Logo Questions Linux Laravel Mysql Ubuntu Git Menu
 

Converting UnicodeString to AnsiString

In the olden times, i had a function that would convert a WideString to an AnsiString of the specified code-page:

function WideStringToString(const Source: WideString; CodePage: UINT): AnsiString;
...
begin
   ...
    // Convert source UTF-16 string (WideString) to the destination using the code-page
    strLen := WideCharToMultiByte(CodePage, 0,
        PWideChar(Source), Length(Source), //Source
        PAnsiChar(cpStr), strLen, //Destination
        nil, nil);
    ...
end;

And everything worked. I passed the function a unicode string (i.e. UTF-16 encoded data) and converted it to an AnsiString, with the understanding that the bytes in the AnsiString represented characters from the specified code-page.

For example:

TUnicodeHelper.WideStringToString('Ŧĥε qùíçķ ƀřǭŵņ fôx ǰűmpεď ōvêŗ ţħě łáƶÿ ďơǥ', 1252);

would return the Windows-1252 encoded string:

The qùíçk brown fôx jumped ovêr the lázÿ dog

Note: Information was of course lost during the conversion from the full Unicode character set to the limited confines of the Windows-1252 code page:

  • Ŧĥε qùíçķ ƀřǭŵņ fôx ǰűmpεď ōvêŗ ţħě łáƶÿ ďơǥ (before)
  • The qùíçk brown fôx jumped ovêr the lázÿ dog (after)

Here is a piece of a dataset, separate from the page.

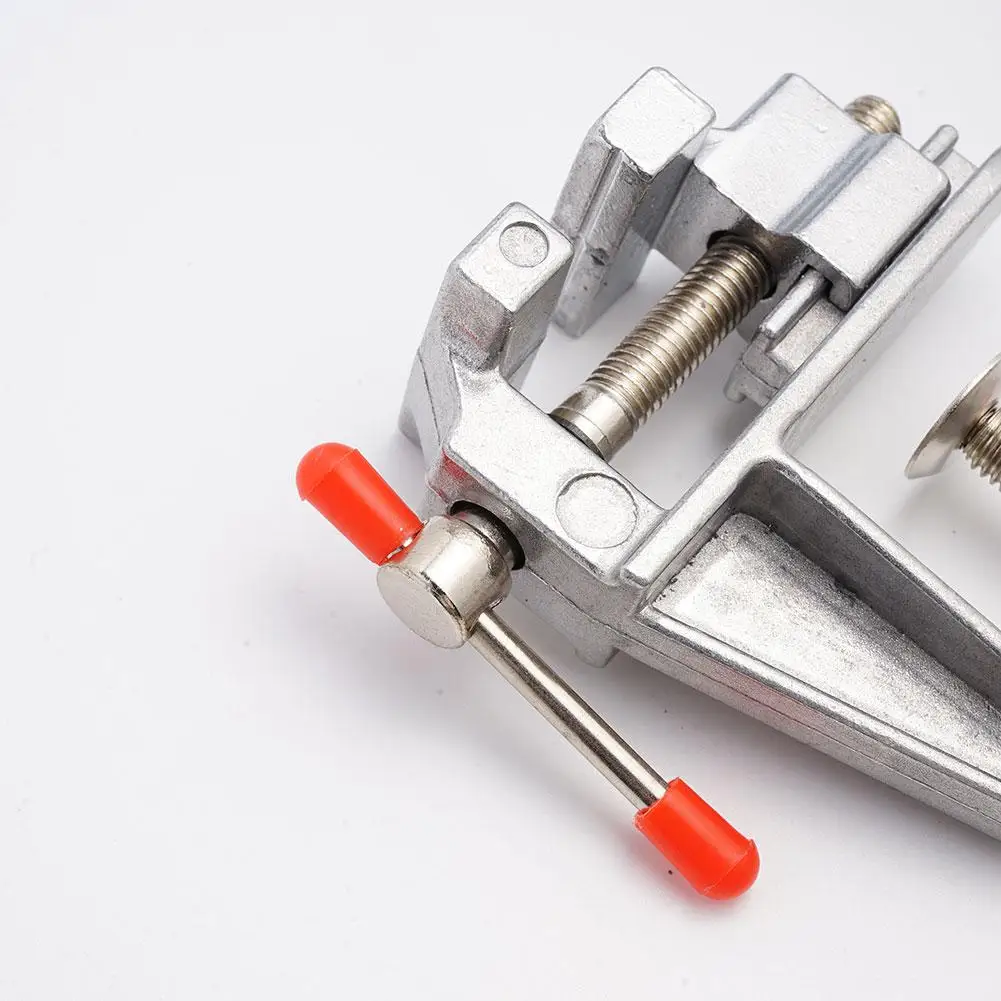 منجلة صغيرة متعددة الوظائف 3.55 مللي متر كماشة ألومنيوم المشبك هواية مسطحة صغيرة على أداة مصغرة نائب الجدول مجوهرات F8E8 #3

But the Windows WideChartoMultiByte does a pretty good job of best-fit mapping; as it is designed to do.

Now the after times

Now we are in the after times. WideString is now a pariah, with UnicodeString being the goodness. It's an inconsequential change; as the Windows function only needed a pointer to a series of WideChar anyway (which a UnicodeString also is). So we change the declaration to use UnicodeString instead:

funtion WideStringToString(const Source: UnicodeString; CodePage: UINT): AnsiString;
begin
   ...
end;

Now we come to the return value. i have an AnsiString that contains the bytes:

54 68 65 20 71 F9 ED E7  The qùíç
6B 20 62 72 6F 77 6E 20  k brown 
66 F4 78 20 6A 75 6D 70  fôx jump
65 64 20 6F 76 EA 72 20  ed ovêr 
74 68 65 20 6C E1 7A FF  the lázÿ
20 64 6F 67               dog

In the olden times that was fine. I kept track of what code-page the AnsiString actually contained; i had to remember that the returned AnsiString was not encoded using the computer's locale (e.g. Windows 1258), but instead is encoded using another code-page (the CodePage code page).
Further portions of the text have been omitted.